Merrill Lynch recently hired research firm Age Wave to collect information about older Americans and their housing plans, post-retirement. The firm surveyed more than 3,600 people of both genders, with a cross-section of incomes, ages and ethnic groups, and they discovered the following:
- 81 percent of respondents who were aged 65+ were homeowners
- 72 percent of them have paid off their mortgages
- Their average home equity is $213,000
- 66 percent of retirees said they felt free to live where they chose
- 51 percent of retirees who moved went to a smaller home
- 30 percent of retirees who moved went to a bigger home
People have made a variety of housing decisions, post retirement. But this CNBC article’s title points out a fact that keeps surfacing in surveys taken by numerous organizations: For retirees, there’s no place like home, especially their own. And making some simple fixes to your home can play an important role in maintaining your health and independence.

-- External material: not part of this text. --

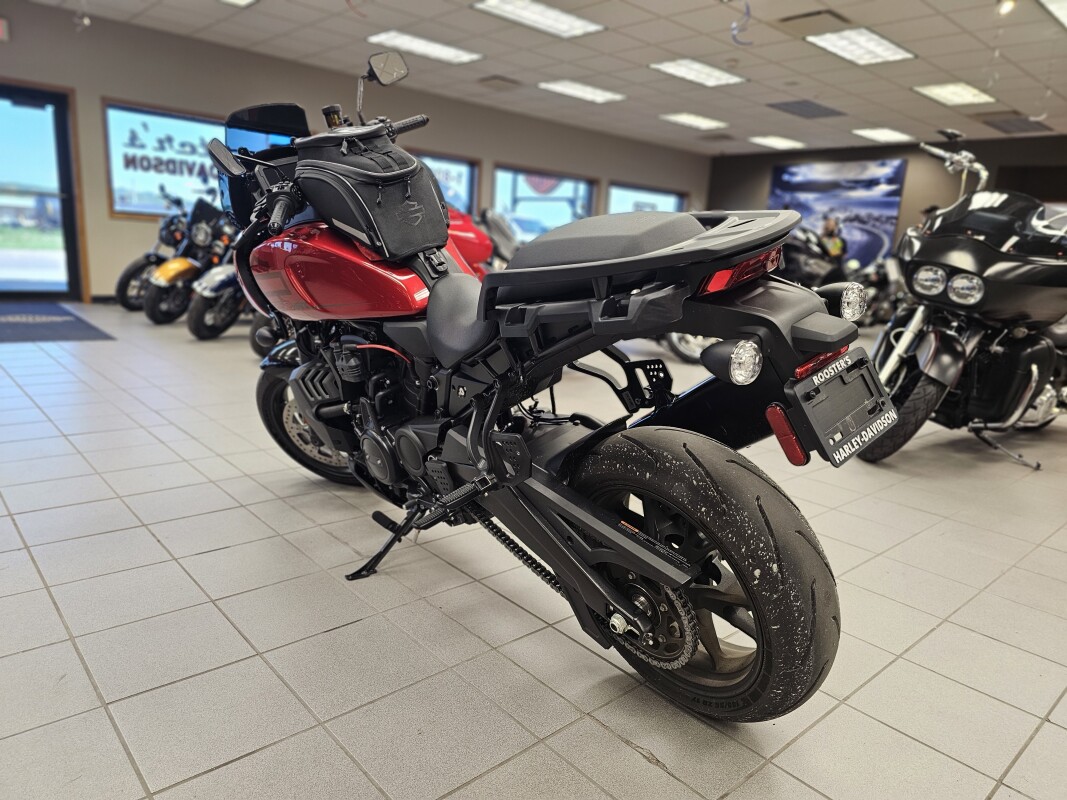 RA1250ST 2025 Pan America 1250 ST - Photo 6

Home Renovations to Make Homes Safer
Not surprisingly, increasing numbers of older adults in the United States (aged 55+) are investing money in home renovations. In fact, in 2014, older Americans spent $90 billion on home upgrades, which was 47 percent of the national total, according to studies by the Joint Center for Housing Studies at Harvard University. Much of that money was spent on making homes more age-friendly.

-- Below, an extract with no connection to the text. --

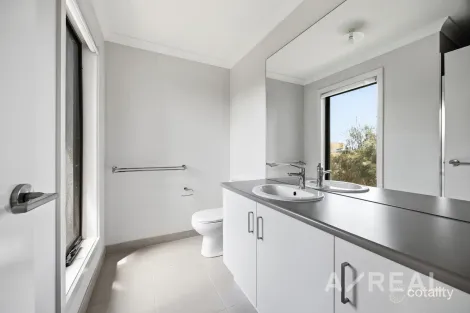 Property photo of 22 Bonsallo Walk Tarneit VIC 3029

Tips for Making Your Home Safer
An article in U.S. News: Money quotes a MetLife report: “Most homes,” the report says, “use ‘Peter Pan housing’ designs, because they appear to be built for people who will never grow old.”
This article lists ways to modify homes to make them age-friendly; the first round of which should cost $1,000 or less and focuses on fall prevention. These can involve:
- Removing throw rugs, especially in the bathroom
- Installing grab bars and grips in the bathroom
- Assuring sturdy handrails on both sides of stairs
- Installing good lighting and switching especially at stairs, halls, and entries
- Securing or removing carpets at stairs; soft path lighting for nighttime mobility
The next set of priorities make a home easier to navigate and can cost between $4,500 and $30,000. These can involve:
- Relocating furniture so clear pathways exist
- Removing raised entrances between rooms and to the house itself. These changes will also help with fall prevention
More expensive renovations involve bathroom and kitchen makeovers, perhaps installing a no-step shower and, in the kitchen, creating lower work and storage areas.

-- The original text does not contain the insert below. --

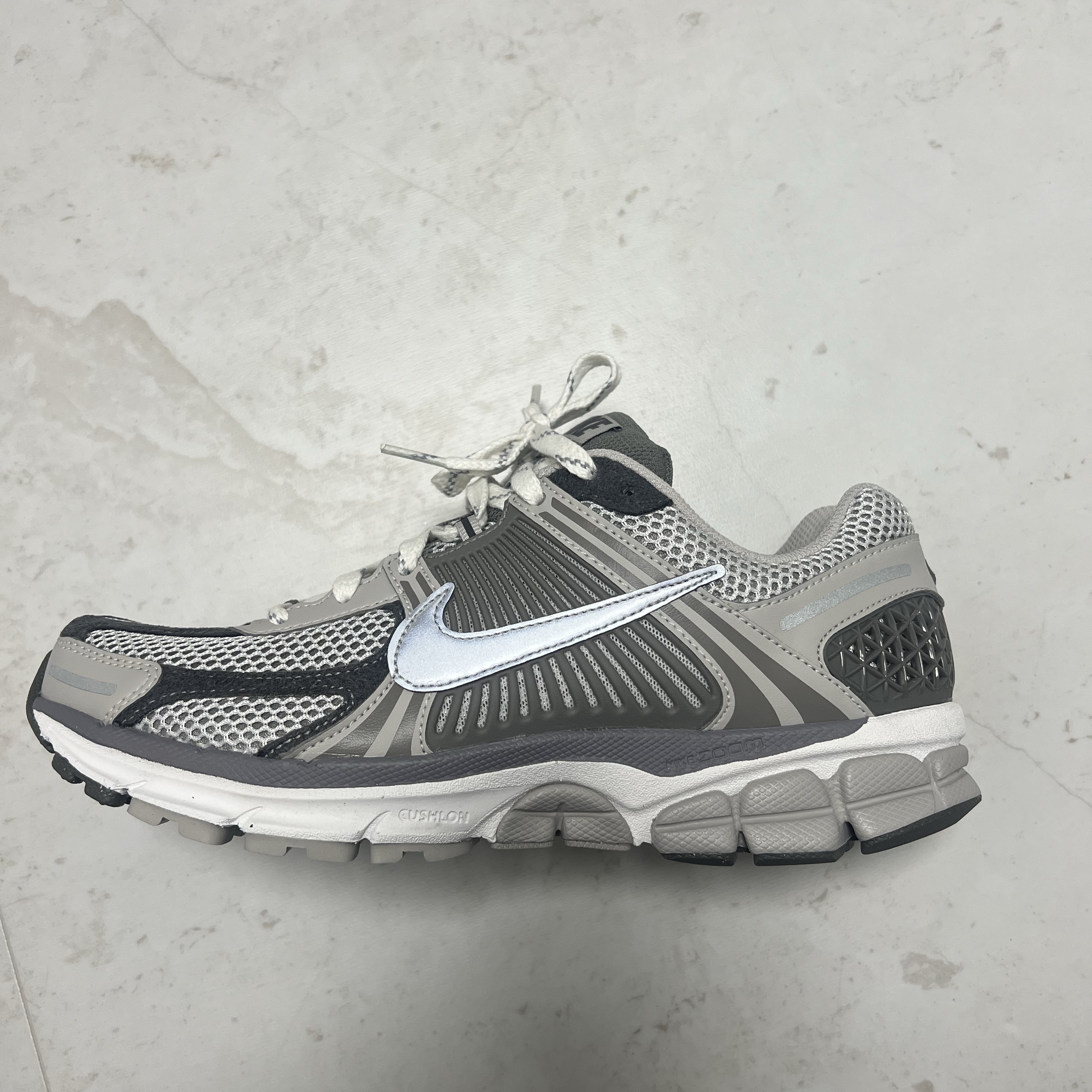 Nike Zoom Vomero 5 PRM Light Iron Ore and Flat Fewter 착용 스타일 - 1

Even though these renovations aren’t necessarily cheap, they make financial sense, the MetLife report says.
“Using $10,000 as a sample cost for basic structural modifications compared to assisted living costs at $3,000-plus a month, avoiding those costs for a little more than three months will pay for home modifications,” the report says, noting this is a short payback period.
An article published at Think Advisor, Aging in Place: Are Home Renovations Worth the Cost, also takes a look at the financial ramifications of renovating your home to make it age-friendly.
This article quotes Assisted Living Federation of America as saying a one-bedroom apartment in an assisted living community averages $3,022 per month – with more upscale communities in luxury locations costing three times as much.
“Even a few extra years spent in an updated home could save a client thousands of dollars,” the article concludes – and, taking that statement to its logical conclusion, long-term aging in place makes these renovations even more fiscally wise.
Staying in your home as you age can not only save you money, a few modifications can help make it as safe as possible so you can enjoy it for years to come.